#### [RECORDS PROVIDED]
•••
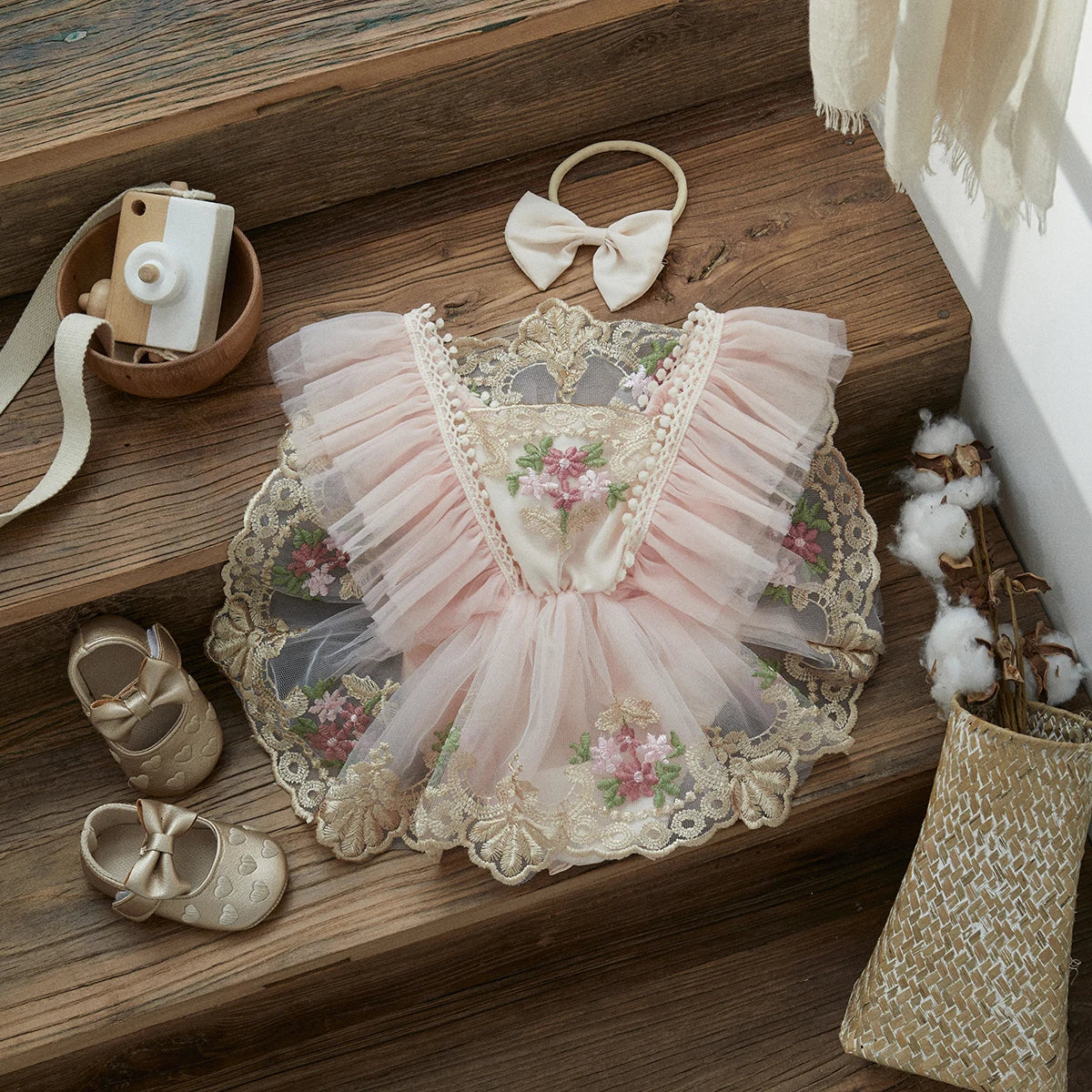Princess Floral Embroidery Tulle Outfit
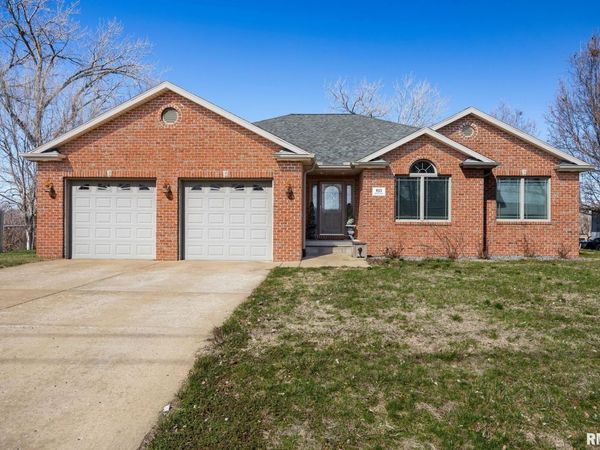 925 EDGEWATER Drive, North Pekin, IL 61554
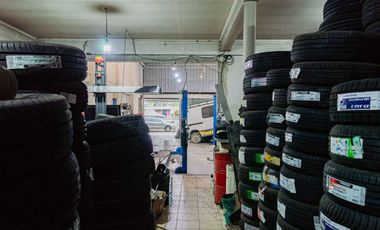 VENTA LOCAL COMERCIAL PLOTTIER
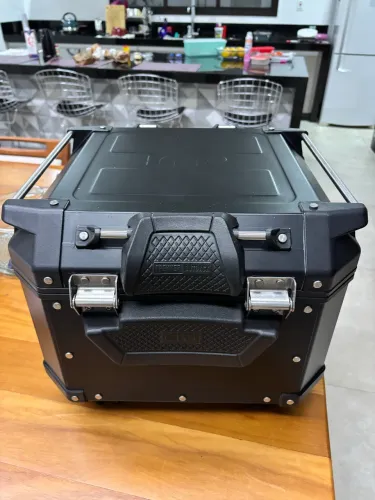Baú Givi Outback 42 litros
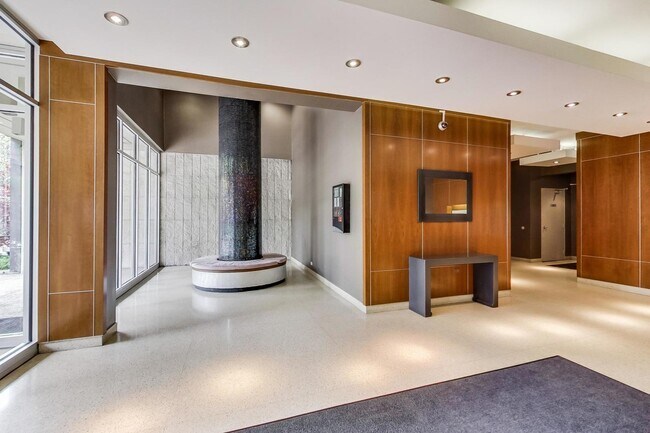 Building Photo - 450 W Briar Plz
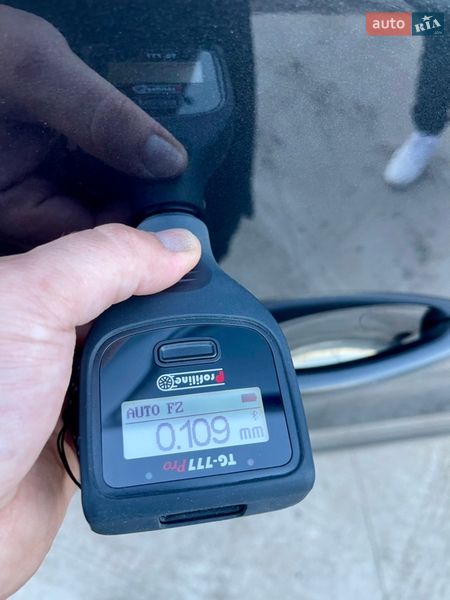 Грузопассажирский фургон Opel Vivaro 2015 в Млинове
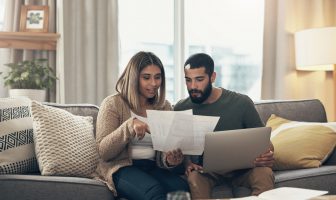 Como comprovar renda para comprar um imóvel? Veja como comprovar renda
•••
#### [PROBLEM DETAILS]
No pictures belong in the output. Restate word for word only the lines from the one containing "Building Photo - 450 W Briar Plz" to the end of the entries above.

#### [EXERCISE OUTPUT]
 Building Photo - 450 W Briar Plz
 Грузопассажирский фургон Opel Vivaro 2015 в Млинове
 Como comprovar renda para comprar um imóvel? Veja como comprovar renda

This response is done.